Problem

The City of Indianapolis needed new strategies to address rising rates of crime and violence, which have spiked recently across the county and the U.S.

Solution

SAVI developed a model and maps that allowed the City-County Council to target crime prevention funding equitably—in the neighborhoods that needed it most.

The Process

With crime rates rising across the U.S., a ground-breaking collaboration between SAVI and the Indianapolis City-County Council is bringing a fresh approach to the search for local solutions.

The core idea behind the Council District Crime Prevention Grants Program is that grassroots organizations can play a key role in reducing crime and violence in the city. That’s true for two reasons.

First, smaller organizations are accustomed to making efficient use of limited funds—so even small grants can make a big impact on their capacity. Second, they are well-dispersed throughout the city, which means they can reach populations that aren’t served by some of the larger organizations.

LeRoy Robinson, District 1 Councilor, conceived the basic idea for the program before COVID-19 forced many national organizations to temporarily close their doors. The pandemic created a window of opportunity to initiate and experiment with it.

“Traditionally, you had major organizations apply for funds throughout the city for crime prevention,” Robinson says. “But those centers were not located evenly throughout the city. You might have only four or five YMCAs and Boys and Girls Clubs.”

During the pandemic, at a time when the needs were spiking, many people who relied on those organizations were left without a vital source of support. “So, my thinking was, let’s do this a little bit differently,” Robinson says. “Let’s go down a level, below the traditional organizations. Because if I’m a non-traditional organization—based at a church, for example—I don’t have to follow the same guidelines as they do. I can stay open.”

SAVI model delivers greater impact

The program was innovative on a second level because it created five tiers of funding levels. Neighborhoods with the highest crime levels and risk factors were eligible for more funding.

And that’s where SAVI comes in.

Many people know intuitively where the rates of crime and violence are highest in the city. But gut instinct isn’t enough to justify a tiered funding structure. The City Council needed data.

SAVI created an index that gave a score to each of the City-County Council’s 25 districts, from 0 (the lowest) to 100 (the highest), based on their violent crime rate and vulnerability to crime. For example, District 17—which includes the Martindale-Brightwood neighborhood northeast of the city’s downtown—scored 100 on the model’s violent crime index. In addition to a high violent crime rate, it also has the highest poverty rate, high unemployment, low vehicle access, and low education attainment. District 25—communities in the city’s southeast suburbs—scored 0, with low crime, poverty and unemployment.

Based on these scores, the program created five tiers of funding, with five districts in each tier. Tier 1 districts received $80,000 per district; Tier 2, $65,000; Tier 3, $50,000; Tier 4, $25,000; and Tier 5, $20,000.

Organizations of any size could apply for the grants, ranging in amount from $500 to $40,000. Programs funded in the first round of grants—which were awarded in June 2021—included $10,000 for an eight-week mentoring program at Zion Hope Baptist Church; $5,000 for a summer-job program for teenagers at New Direction Church; and $23,000 for a youth apprenticeship program at Freewheelin’ Community Bikes.

A second round of funding was distributed in December 2021. The Indianapolis Community Foundation manages the program.

Getting at root causes

Robinson believes the SAVI maps that were created to illustrate the data were “the most important component” in legitimizing and getting approval for the program.

“We knew anecdotally where the biggest needs were, based on high-crime and low-crime rates,” says Robinson, who hopes the program’s budget will double from the $1.25 million allocated in the initial pilot phase. “But we couldn’t sell that to taxpayers. The SAVI data—no one could refute it. When we allocated the dollars, no one could refute the data.”
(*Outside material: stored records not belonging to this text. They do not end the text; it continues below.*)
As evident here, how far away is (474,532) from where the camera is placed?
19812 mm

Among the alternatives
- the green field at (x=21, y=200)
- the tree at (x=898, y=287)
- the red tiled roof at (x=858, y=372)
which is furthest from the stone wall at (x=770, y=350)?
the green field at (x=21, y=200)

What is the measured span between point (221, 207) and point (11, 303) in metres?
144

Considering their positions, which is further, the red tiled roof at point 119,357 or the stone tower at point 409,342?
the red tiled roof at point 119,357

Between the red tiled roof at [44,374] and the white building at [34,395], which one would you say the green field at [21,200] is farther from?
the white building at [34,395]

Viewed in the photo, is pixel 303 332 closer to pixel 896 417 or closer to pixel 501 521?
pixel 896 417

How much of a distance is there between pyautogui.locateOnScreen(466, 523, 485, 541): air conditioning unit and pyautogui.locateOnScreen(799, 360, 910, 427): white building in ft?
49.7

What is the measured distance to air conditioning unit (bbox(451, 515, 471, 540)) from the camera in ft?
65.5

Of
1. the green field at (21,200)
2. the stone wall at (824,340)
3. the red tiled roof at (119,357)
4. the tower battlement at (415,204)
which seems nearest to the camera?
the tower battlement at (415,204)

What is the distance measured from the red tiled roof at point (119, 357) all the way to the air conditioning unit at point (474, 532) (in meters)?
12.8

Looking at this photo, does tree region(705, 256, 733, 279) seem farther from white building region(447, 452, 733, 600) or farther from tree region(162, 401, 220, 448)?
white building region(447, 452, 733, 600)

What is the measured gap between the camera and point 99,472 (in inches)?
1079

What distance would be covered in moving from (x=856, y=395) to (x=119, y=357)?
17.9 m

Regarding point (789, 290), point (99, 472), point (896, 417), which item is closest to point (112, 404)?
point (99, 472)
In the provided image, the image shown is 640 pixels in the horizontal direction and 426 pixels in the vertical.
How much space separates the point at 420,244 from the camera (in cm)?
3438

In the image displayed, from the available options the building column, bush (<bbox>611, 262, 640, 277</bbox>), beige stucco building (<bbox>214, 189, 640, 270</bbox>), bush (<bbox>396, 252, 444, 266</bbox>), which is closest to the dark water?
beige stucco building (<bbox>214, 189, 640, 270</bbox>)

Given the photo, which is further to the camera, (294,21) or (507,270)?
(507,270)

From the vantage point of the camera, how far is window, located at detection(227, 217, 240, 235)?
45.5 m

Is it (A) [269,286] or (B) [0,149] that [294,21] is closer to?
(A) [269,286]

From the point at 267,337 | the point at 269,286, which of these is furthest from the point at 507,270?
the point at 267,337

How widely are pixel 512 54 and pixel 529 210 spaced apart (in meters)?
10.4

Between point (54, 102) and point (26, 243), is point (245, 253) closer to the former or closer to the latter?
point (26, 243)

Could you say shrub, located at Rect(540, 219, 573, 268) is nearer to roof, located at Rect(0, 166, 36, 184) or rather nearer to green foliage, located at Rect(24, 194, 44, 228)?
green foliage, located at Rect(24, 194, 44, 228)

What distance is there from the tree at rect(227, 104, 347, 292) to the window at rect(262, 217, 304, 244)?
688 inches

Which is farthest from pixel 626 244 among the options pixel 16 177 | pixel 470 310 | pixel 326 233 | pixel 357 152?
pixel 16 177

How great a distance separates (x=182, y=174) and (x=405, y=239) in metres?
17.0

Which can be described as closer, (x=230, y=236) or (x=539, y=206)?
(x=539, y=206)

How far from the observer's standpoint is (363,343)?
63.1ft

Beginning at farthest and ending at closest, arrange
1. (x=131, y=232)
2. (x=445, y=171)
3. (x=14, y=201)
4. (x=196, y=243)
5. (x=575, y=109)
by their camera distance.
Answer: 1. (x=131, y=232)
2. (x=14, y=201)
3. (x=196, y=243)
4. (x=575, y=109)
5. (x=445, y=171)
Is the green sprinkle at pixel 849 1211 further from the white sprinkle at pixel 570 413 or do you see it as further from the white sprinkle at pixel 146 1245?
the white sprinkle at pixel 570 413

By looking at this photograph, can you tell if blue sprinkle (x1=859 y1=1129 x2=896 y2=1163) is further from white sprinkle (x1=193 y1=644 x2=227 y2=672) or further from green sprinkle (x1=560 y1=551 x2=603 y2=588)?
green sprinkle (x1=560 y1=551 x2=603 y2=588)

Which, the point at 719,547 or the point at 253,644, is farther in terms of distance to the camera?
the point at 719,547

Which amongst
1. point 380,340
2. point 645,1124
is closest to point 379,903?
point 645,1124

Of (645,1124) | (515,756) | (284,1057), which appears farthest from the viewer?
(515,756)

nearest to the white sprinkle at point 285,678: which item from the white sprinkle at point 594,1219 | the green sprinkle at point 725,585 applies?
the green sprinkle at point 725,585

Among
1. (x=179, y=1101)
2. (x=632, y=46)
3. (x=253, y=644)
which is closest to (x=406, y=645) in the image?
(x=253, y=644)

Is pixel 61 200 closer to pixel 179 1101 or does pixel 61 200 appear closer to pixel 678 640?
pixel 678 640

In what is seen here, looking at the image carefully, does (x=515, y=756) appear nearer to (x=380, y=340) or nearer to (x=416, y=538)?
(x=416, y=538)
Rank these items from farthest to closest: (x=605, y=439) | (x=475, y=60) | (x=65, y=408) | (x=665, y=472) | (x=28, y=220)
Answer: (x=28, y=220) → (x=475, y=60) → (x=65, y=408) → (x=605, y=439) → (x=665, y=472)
Angela Plank, communications director of the City-County Council, agrees that the SAVI maps were key to moving the idea from the whiteboard stage to an on-the-ground reality.
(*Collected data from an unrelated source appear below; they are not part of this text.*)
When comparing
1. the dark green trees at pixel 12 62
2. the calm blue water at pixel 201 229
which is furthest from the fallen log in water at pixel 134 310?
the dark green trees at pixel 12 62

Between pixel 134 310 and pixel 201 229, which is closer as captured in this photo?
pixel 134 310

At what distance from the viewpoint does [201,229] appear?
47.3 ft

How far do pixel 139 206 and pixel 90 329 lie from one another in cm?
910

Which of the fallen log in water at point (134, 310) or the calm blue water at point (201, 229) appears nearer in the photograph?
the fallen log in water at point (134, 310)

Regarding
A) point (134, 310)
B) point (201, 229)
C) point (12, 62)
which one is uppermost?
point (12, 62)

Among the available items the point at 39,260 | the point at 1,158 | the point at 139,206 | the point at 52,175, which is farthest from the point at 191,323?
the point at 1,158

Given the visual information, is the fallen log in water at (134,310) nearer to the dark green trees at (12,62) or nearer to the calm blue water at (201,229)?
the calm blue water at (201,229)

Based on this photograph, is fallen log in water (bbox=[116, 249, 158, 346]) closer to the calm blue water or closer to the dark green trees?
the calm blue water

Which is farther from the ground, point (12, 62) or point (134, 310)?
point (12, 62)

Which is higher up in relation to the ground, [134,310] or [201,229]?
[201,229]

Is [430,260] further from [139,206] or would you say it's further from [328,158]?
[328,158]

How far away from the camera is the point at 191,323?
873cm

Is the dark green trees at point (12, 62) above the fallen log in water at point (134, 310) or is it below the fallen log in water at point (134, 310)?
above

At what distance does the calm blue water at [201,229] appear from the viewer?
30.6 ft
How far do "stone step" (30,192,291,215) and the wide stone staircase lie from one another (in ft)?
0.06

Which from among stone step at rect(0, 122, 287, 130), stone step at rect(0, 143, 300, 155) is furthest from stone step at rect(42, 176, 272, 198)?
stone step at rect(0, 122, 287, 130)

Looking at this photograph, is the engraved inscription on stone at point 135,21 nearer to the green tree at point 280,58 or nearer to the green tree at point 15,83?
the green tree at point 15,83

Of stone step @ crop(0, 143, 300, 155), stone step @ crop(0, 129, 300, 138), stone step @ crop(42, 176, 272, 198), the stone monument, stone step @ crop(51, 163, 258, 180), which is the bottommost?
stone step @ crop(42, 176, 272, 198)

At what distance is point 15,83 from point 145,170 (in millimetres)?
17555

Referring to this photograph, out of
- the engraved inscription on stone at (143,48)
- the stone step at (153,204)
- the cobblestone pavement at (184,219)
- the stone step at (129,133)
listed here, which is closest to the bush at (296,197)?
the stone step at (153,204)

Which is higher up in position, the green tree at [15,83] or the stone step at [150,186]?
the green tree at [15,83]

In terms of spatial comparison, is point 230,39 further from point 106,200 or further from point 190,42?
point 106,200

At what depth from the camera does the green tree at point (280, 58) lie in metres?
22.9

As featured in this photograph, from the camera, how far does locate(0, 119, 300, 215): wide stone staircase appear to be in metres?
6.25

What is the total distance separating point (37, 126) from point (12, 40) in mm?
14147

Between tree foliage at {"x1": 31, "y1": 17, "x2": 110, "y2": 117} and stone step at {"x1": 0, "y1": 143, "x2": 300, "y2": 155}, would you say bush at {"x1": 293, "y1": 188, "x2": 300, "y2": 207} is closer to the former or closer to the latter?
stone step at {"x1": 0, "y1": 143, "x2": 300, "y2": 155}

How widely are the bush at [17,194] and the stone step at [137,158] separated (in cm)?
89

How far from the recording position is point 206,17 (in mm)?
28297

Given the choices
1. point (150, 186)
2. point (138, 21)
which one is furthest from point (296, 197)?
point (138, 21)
“The visualization tells a story in an instant,” Plank says. “We don’t have the internal staff capacity to do the kind of analysis they did. We might be able to do some rudimentary form of that kind of analysis. But we would not be able to do it with the kind of depth and skill that SAVI brings to the table.”

This is the first time ever that the council made equitable funding decisions based on data to address disparities rather than equally distributing the funds. The council is now committed to district-specific crime prevention and policy informed by data. It is too soon to know what impact these grants have had on crime, although the Indianapolis Community Foundation has created metrics to track the results. If an ounce of prevention is worth a pound of cure, as the adage goes, the results should more than justify the costs.

“The benefit of working with SAVI is that you’re looking at community-level indicators, and they show that what we’ve tried so far hasn’t worked,” Plank says. “We’re really looking at addressing the root causes of crime and violence instead of just policing our way out of it.”